A group of Montreal, Quebec, lawyers — Marc-André Séguin, Francis Tourigny and Michael Simkin — have teamed up to help asylum seekers in Hong Kong who housed Edward Snowden in 2013.
The lawyers set up a non-governmental fundraising organization named For the Refugees in November for the individuals who sheltered the American whistleblower for about two weeks.
The asylum seekers said they wanted to leave Hong Kong and relocate to Canada.
“I would choose Canada… I heard I could have good protection and hopefully I could work,” 44-year-old Ajith Pushpakumara, a former soldier from Sri Lanka who arrived in Hong Kong in 2006, told the South China Morning Post.
Vanessa Mae Rodel, a Filipina mother of a 4-year-old girl, has lived in the city since 2010 but declined to say why she fled her home country.
“I can’t go back because something bad will happen to me, especially now with our new president,” Rodel told the Globe and Mail. “I think for me he could easily shoot me. He could do anything. All I want is for me and my daughter, my family, to be safe and have freedom. And I want to work and get an education for my daughter.”
Sri Lankan Supun Thilina Kellapatha, who lives in Hong Kong with his wife Nadeeka Dilrukski Nonis and their two children, said he was tortured in his homeland.
The group of Montreal lawyers are now pressuring the Canadian government to assist in resettling the families.
“The first objective is to make people aware of who these families are and what they have done, the second is to collect donations so their basic needs can be met, and the third is to provide Canadians a vehicle to voice their concern and tell the Canadian government they feel these families belong in their communities,” Séguin told the Sunday Morning Post.

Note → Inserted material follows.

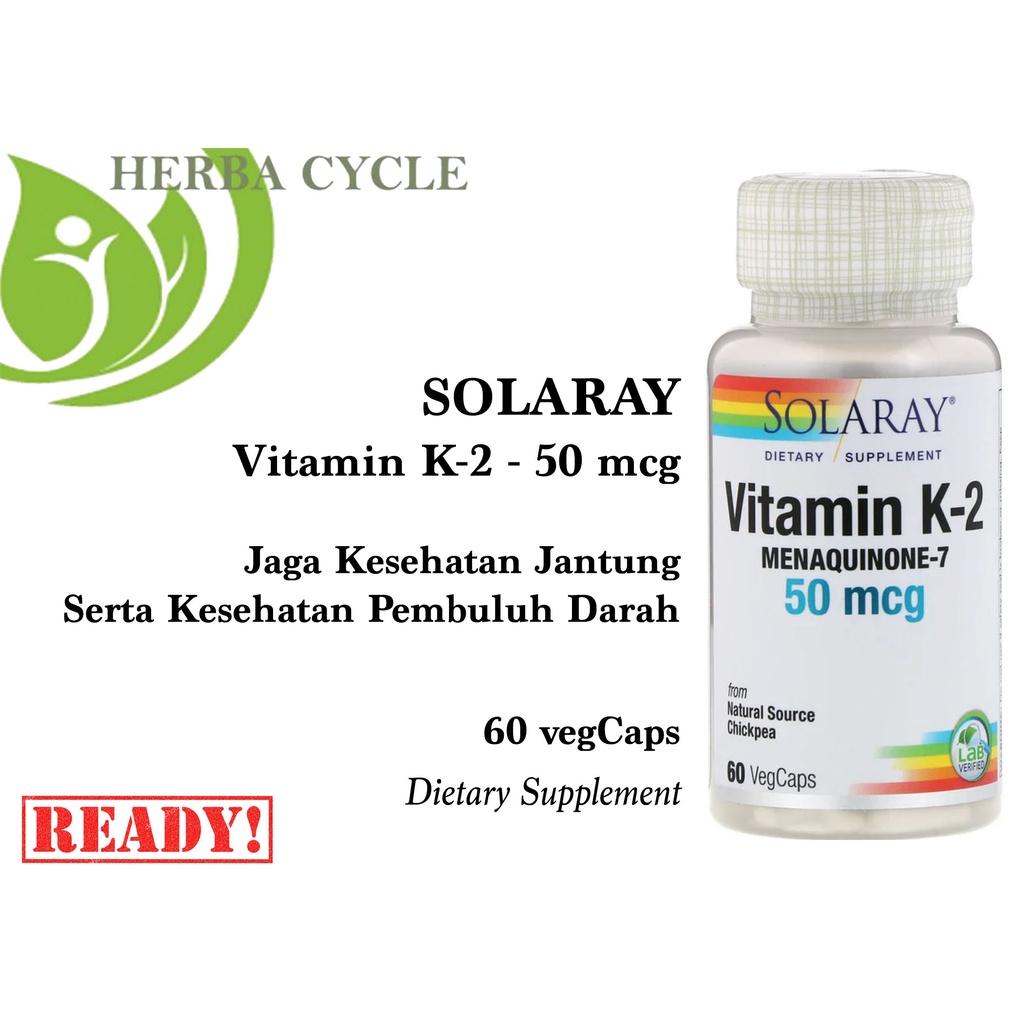 Solaray Vitamin K2 50mcg 60cap Menaquinone-7 Kesehatan Jantung ORIUSA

Human rights lawyer, Robert Tibbo, who helped Snowden hide in Hong Kong and has represented the three families since 2012, said he has been speaking with Séguin, Tourigny and Simkin over the last few months.
Tibbo hopes Canadian Prime Minister Justin Trudeau would carry out the promise he made at the UN conference in September to support refugees.
“I would expect that Mr. Trudeau will follow through on that commitment,” he said.
Tibbo said relocating to a third country would be good for the three families.
“The Hong Kong government has completely failed to meet these families’ basic needs and the acceptance rate is effectively zero,” he opined. “This means they will have to return to their countries eventually.”
Hong Kong doesn’t resettle asylum seekers, but it is required to screen torture claims.
“If Hong Kong was fulfilling its international legal obligations towards asylum seekers, there would not be this dilemma today with these families,” Tibbo said.